» Data for this exercise:

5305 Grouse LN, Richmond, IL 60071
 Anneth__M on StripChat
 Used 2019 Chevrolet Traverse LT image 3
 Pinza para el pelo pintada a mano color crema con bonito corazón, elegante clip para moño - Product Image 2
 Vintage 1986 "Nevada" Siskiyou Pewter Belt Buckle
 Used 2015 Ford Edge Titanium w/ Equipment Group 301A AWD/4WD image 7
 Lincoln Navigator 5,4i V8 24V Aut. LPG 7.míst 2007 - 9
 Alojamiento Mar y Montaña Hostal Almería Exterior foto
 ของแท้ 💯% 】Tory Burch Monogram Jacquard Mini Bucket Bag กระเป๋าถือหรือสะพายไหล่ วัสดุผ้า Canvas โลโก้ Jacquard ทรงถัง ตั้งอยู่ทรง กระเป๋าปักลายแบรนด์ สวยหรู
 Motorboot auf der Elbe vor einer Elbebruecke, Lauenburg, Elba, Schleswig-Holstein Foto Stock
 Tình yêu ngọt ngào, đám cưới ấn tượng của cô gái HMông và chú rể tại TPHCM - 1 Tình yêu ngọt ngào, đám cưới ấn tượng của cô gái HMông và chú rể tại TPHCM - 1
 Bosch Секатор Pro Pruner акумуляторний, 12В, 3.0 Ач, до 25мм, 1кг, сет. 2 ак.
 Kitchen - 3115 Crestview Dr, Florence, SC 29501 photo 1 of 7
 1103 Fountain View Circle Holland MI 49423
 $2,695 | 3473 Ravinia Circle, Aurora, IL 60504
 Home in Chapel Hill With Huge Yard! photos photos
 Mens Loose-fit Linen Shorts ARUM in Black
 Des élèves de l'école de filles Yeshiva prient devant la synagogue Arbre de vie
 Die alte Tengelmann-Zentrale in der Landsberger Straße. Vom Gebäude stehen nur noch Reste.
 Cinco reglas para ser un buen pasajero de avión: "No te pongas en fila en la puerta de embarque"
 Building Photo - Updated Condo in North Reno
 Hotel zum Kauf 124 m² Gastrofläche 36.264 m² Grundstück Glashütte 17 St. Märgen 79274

» Work task: Transcribe verbatim. Cover the lines from the first line of the entries above to the line containing "Used 2015 Ford", inclusive.

» Response to the task:
5305 Grouse LN, Richmond, IL 60071
 Anneth__M on StripChat
 Used 2019 Chevrolet Traverse LT image 3
 Pinza para el pelo pintada a mano color crema con bonito corazón, elegante clip para moño - Product Image 2
 Vintage 1986 "Nevada" Siskiyou Pewter Belt Buckle
 Used 2015 Ford Edge Titanium w/ Equipment Group 301A AWD/4WD image 7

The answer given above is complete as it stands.